Ifield doesn’t know a great deal so he can hardly be blamed for speaking out when he does know something, so I just said, a little sarcastically: “Is the answer to the question ‘Is there is a local Chinese chippy who do an edible fried fish?’ another thing you know, by any chance?”

He thought for a moment then said: “That’s hardly likely to come up as a question in a pub quiz, is it?”

“And the Chinese’s invention of gunpowder did?”

“No.”

“Then why are you going on about it?”

“I’m not. It’s just that it’s my turn to set the questions for our pub quiz this week and that’s one of he questions I’ve picked – ‘Who invented gunpowder?’ I bet nobody gets it, I thought it was Guy Fawkes.” (I did say he doesn’t know much, didn’t I).

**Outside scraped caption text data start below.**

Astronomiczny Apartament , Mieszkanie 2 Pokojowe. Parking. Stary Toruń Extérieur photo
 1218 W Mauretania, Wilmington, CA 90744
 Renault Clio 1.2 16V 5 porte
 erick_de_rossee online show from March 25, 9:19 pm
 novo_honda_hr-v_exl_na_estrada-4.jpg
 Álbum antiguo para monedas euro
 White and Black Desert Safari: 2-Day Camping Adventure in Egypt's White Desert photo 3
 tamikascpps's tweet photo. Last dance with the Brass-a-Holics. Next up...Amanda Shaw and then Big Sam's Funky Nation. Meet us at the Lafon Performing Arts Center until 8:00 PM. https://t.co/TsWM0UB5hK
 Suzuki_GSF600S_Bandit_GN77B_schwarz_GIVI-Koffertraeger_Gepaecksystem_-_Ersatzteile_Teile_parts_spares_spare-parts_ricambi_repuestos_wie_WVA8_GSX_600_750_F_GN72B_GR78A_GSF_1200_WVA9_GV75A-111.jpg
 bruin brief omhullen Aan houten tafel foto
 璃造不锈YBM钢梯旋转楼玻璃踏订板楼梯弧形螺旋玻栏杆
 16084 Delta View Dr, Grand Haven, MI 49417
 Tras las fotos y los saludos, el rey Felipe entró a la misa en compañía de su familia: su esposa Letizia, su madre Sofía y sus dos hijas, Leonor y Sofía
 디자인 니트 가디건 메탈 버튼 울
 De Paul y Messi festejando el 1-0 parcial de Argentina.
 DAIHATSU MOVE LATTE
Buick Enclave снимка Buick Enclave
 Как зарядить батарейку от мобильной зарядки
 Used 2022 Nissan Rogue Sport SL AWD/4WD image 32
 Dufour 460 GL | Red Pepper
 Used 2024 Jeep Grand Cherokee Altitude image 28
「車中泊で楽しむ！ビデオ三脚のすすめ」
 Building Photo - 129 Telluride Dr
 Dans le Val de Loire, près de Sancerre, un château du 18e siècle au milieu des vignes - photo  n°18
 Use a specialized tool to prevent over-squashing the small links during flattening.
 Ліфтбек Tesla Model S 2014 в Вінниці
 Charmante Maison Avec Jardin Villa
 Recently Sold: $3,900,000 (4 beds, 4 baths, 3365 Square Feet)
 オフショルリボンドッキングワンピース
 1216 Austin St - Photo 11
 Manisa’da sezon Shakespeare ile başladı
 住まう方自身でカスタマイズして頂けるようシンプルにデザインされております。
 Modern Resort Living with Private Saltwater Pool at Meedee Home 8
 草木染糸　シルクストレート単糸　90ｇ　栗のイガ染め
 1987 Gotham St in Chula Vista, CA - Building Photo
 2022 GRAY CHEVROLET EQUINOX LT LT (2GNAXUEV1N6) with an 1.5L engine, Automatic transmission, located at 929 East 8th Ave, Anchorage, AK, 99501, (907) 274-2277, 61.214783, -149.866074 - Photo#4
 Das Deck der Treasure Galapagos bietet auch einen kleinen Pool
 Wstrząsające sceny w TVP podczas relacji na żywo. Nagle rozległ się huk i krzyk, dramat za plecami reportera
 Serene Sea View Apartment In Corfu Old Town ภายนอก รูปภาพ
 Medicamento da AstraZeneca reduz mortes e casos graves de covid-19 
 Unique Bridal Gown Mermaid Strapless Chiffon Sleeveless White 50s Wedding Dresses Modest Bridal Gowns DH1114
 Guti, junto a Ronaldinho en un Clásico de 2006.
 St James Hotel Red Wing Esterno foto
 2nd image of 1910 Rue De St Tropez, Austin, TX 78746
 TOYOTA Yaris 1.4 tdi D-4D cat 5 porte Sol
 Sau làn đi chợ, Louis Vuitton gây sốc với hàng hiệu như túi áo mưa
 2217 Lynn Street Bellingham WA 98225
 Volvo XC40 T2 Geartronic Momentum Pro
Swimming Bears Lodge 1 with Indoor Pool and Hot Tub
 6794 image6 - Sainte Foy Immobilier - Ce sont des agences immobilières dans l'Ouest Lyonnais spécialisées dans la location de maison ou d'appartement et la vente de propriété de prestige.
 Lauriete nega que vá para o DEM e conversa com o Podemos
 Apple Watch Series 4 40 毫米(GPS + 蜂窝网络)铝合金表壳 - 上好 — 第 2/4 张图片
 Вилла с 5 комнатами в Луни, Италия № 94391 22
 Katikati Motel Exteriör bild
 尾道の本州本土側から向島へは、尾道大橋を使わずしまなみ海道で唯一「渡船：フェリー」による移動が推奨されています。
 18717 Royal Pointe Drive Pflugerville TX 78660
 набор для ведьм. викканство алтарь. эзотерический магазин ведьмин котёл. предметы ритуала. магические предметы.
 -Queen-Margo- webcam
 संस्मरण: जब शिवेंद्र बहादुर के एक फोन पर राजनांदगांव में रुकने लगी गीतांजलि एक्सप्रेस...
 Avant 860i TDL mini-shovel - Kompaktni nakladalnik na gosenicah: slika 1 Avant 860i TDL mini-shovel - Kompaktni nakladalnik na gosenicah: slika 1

I wasn’t going pursue the matter any further, as advice on the comparative merits of fried fish from somebody who thinks Guy Fawkes invented gunpowder is bound to be suspect at the very least, but then an idea struck me. “You could set it as one of the questions.”

“What?”

“For your pub quiz. ‘Which local Chinese chippy does decent fried fish?”

“It’s quite obvious you’ve never had to set pub questions, Sawyer.” said Ifield, with the beginnings of a superior smirk on his face.

“I’m sorry?”

“Well in order to set a question I have to know the answer, don’t I.”

I thought for a moment. “Put the Crispy Cod. Or any of the other Chinese Chippies; it doesn’t matter. The object of the exercise is to get a consensus of opinion. The chippy that gets the most votes is obviously the best.”

He refused and made the point that the question setting must be scrupulously fair and the integrity of the question-setter beyond reproach, but his opposition magically disappeared after I’d bought him a couple of pints in the Red Fox at lunchtime and he agreed to do it. It should be well worth it as it will save me trawling round the other four Chinese chippies.